As newlyweds, Idroes Moeria and Roemaisa (Roem) are separated when he is taken prisoner by the Japanese. When he disappears, she is a demure and obedient wife and daughter. She falls into depression, but then she takes to smoking her husband’s unsold cigarettes; the smoke invigorates her and she soon evolves into a feisty woman capable of holding her own in the marketplace. Her father is not sure he approves the change, but her mother explains to him that the demure Roem no longer exists:

 

Who will you accept: the Roem who is living with us now? Or the Roem of a month ago who was here yet still as good as gone, as if she were already dead.

 

In the next generation, Idroes Moeria’s and Roemaisa’s daughter, Dasiyah is also separated from her beloved, by political events—she and Soeraja are forced apart just before their marriage, during the turmoil of 1965.

Repeating patterns of lives disrupted by collisions with history are found not just down the generations, but also within individual life stories. In 1965, Idroes Moeria, once the prisoner of the Japanese, is again held captive, this time by the National Armed Forces, the Tentara Nasional Indonesia, or TNI:

 

Idroes Moeria never would have guessed that the nightmare of the Japanese occupation, the nightmare he had locked up tight inside him twenty years ago, would return to haunt him again during his twilight years. His arrest and torture in TNI custody unlocked a flood of repressed pain and bad memories.

 

 

The novel contains many moments of humor to leaven the misery of these events, not least the petulant relationship between the three brothers, Tagar, Karim and Lebas.
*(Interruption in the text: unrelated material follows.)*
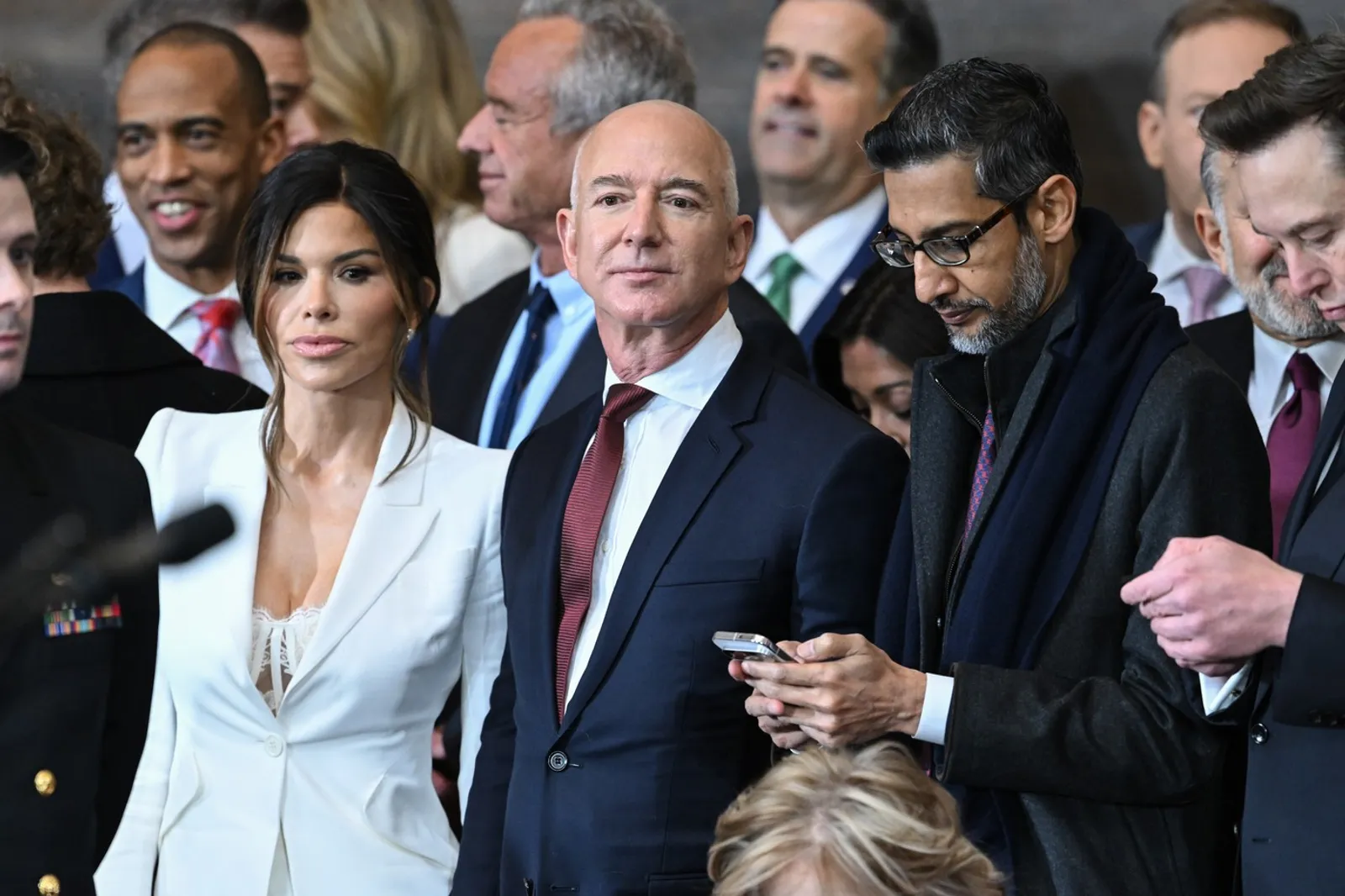 Lauren Sanchez i Jeff Bezos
Kumala is particularly funny about rivalry in the cigarette business. Idroes Moeria introduces a new line called Lady Cigarettes. He advertises them with the promise:

 

Inhale just once, and the lady of your dreams will appear before you.

 

In response Soedjagad introduces Garwo Kulo Cigarettes (“Garwo Kulo” being Javanese for “my wife” or “my woman”.) Soedjagad advertises My Wife Cigarettes with the slogan:

 

The cigarette for the man who loves his wife

 

Needless to say, My Wife Cigarettes sink without trace, while Lady Cigarettes are a great success.

Cigarette Girl, Ratih Kumala, Annie Tucker (trans.) (Monsoon Books, September 2016)
Cigarette Girl, Ratih Kumala, Annie Tucker (trans.) (Monsoon Books, September 2016)
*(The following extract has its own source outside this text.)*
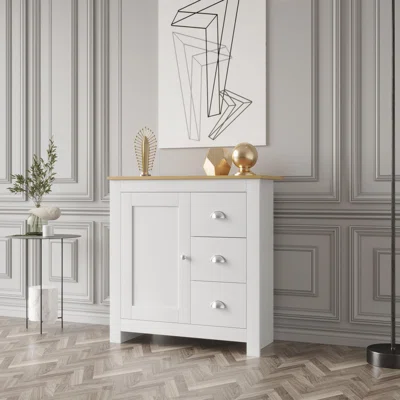 Dipti 31.1" Wide 3 Drawer Sideboard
As well as being both moving and funny, Cigarette Girl also plays with postmodern ideas about the difficulties of locating truth in lives, and in stories. Its final three chapters, Djagad, Cigarette Girl, and Fragrant Cloves ask the reader to re-evaluate what has come before. If true, the events related in Djagad would undermine much of what the reader is likely to believe about the story of Idroes Moeria and Roemaisa Karim is the one telling his brothers their grandfather’s story. He takes a break, and before he resumes:

 

… he issued a little warning: ‘When it comes to this part of the story, I am not really sure if it happened exactly like this…’

 

Once Karim has finished speaking, the reader is no longer sure if Soedjagad’s story happened like that, either.